To do: The expected output is the complete data, reproduced exactly.

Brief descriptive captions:
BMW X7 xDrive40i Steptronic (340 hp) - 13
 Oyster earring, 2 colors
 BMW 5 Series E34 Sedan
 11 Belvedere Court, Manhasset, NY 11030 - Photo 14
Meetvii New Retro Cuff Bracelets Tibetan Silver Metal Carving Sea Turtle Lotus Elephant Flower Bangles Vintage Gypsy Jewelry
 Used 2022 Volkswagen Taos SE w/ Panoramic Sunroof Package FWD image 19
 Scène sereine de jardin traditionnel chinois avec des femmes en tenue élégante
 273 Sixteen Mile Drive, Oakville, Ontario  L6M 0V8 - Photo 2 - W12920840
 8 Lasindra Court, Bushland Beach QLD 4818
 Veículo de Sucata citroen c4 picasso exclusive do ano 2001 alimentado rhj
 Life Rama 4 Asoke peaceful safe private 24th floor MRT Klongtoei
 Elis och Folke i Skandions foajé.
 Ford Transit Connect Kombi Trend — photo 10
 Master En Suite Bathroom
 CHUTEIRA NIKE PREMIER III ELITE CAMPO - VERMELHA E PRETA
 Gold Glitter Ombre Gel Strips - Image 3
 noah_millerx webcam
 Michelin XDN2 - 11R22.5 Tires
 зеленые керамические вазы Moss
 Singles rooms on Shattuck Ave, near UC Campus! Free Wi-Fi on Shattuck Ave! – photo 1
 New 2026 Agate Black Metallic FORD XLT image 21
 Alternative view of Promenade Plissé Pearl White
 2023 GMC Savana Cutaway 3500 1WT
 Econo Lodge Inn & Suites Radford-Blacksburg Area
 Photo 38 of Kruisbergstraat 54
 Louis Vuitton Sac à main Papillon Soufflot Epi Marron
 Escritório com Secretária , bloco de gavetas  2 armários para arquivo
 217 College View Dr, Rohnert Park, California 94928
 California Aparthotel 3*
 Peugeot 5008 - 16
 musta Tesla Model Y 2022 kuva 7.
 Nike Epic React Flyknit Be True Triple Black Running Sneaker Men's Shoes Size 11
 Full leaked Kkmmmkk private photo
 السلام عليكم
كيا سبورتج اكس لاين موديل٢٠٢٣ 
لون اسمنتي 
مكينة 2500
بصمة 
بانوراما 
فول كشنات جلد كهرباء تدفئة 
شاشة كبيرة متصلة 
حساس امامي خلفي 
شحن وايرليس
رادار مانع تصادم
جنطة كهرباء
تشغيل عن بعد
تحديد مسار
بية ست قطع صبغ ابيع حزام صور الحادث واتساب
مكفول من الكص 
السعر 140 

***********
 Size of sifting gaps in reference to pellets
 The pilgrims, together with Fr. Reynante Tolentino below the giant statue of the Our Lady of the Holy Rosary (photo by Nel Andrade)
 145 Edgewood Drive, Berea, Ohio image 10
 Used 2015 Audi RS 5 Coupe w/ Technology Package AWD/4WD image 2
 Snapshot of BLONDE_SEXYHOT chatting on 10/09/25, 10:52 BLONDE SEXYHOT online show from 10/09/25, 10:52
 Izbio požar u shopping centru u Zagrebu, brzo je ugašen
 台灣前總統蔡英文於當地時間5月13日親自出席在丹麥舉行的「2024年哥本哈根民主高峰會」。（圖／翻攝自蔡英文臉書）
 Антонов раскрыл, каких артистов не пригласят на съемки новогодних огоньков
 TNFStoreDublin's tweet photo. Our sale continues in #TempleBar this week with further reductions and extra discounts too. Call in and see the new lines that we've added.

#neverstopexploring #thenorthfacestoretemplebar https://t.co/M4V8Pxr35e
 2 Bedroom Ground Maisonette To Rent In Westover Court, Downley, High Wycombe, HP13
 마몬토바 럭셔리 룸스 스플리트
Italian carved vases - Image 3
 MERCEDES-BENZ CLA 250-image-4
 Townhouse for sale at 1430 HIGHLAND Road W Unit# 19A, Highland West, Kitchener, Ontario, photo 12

Your response:
BMW X7 xDrive40i Steptronic (340 hp) - 13
 Oyster earring, 2 colors
 BMW 5 Series E34 Sedan
 11 Belvedere Court, Manhasset, NY 11030 - Photo 14
Meetvii New Retro Cuff Bracelets Tibetan Silver Metal Carving Sea Turtle Lotus Elephant Flower Bangles Vintage Gypsy Jewelry
 Used 2022 Volkswagen Taos SE w/ Panoramic Sunroof Package FWD image 19
 Scène sereine de jardin traditionnel chinois avec des femmes en tenue élégante
 273 Sixteen Mile Drive, Oakville, Ontario  L6M 0V8 - Photo 2 - W12920840
 8 Lasindra Court, Bushland Beach QLD 4818
 Veículo de Sucata citroen c4 picasso exclusive do ano 2001 alimentado rhj
 Life Rama 4 Asoke peaceful safe private 24th floor MRT Klongtoei
 Elis och Folke i Skandions foajé.
 Ford Transit Connect Kombi Trend — photo 10
 Master En Suite Bathroom
 CHUTEIRA NIKE PREMIER III ELITE CAMPO - VERMELHA E PRETA
 Gold Glitter Ombre Gel Strips - Image 3
 noah_millerx webcam
 Michelin XDN2 - 11R22.5 Tires
 зеленые керамические вазы Moss
 Singles rooms on Shattuck Ave, near UC Campus! Free Wi-Fi on Shattuck Ave! – photo 1
 New 2026 Agate Black Metallic FORD XLT image 21
 Alternative view of Promenade Plissé Pearl White
 2023 GMC Savana Cutaway 3500 1WT
 Econo Lodge Inn & Suites Radford-Blacksburg Area
 Photo 38 of Kruisbergstraat 54
 Louis Vuitton Sac à main Papillon Soufflot Epi Marron
 Escritório com Secretária , bloco de gavetas  2 armários para arquivo
 217 College View Dr, Rohnert Park, California 94928
 California Aparthotel 3*
 Peugeot 5008 - 16
 musta Tesla Model Y 2022 kuva 7.
 Nike Epic React Flyknit Be True Triple Black Running Sneaker Men's Shoes Size 11
 Full leaked Kkmmmkk private photo
 السلام عليكم
كيا سبورتج اكس لاين موديل٢٠٢٣ 
لون اسمنتي 
مكينة 2500
بصمة 
بانوراما 
فول كشنات جلد كهرباء تدفئة 
شاشة كبيرة متصلة 
حساس امامي خلفي 
شحن وايرليس
رادار مانع تصادم
جنطة كهرباء
تشغيل عن بعد
تحديد مسار
بية ست قطع صبغ ابيع حزام صور الحادث واتساب
مكفول من الكص 
السعر 140 

***********
 Size of sifting gaps in reference to pellets
 The pilgrims, together with Fr. Reynante Tolentino below the giant statue of the Our Lady of the Holy Rosary (photo by Nel Andrade)
 145 Edgewood Drive, Berea, Ohio image 10
 Used 2015 Audi RS 5 Coupe w/ Technology Package AWD/4WD image 2
 Snapshot of BLONDE_SEXYHOT chatting on 10/09/25, 10:52 BLONDE SEXYHOT online show from 10/09/25, 10:52
 Izbio požar u shopping centru u Zagrebu, brzo je ugašen
 台灣前總統蔡英文於當地時間5月13日親自出席在丹麥舉行的「2024年哥本哈根民主高峰會」。（圖／翻攝自蔡英文臉書）
 Антонов раскрыл, каких артистов не пригласят на съемки новогодних огоньков
 TNFStoreDublin's tweet photo. Our sale continues in #TempleBar this week with further reductions and extra discounts too. Call in and see the new lines that we've added.

#neverstopexploring #thenorthfacestoretemplebar https://t.co/M4V8Pxr35e
 2 Bedroom Ground Maisonette To Rent In Westover Court, Downley, High Wycombe, HP13
 마몬토바 럭셔리 룸스 스플리트
Italian carved vases - Image 3
 MERCEDES-BENZ CLA 250-image-4
 Townhouse for sale at 1430 HIGHLAND Road W Unit# 19A, Highland West, Kitchener, Ontario, photo 12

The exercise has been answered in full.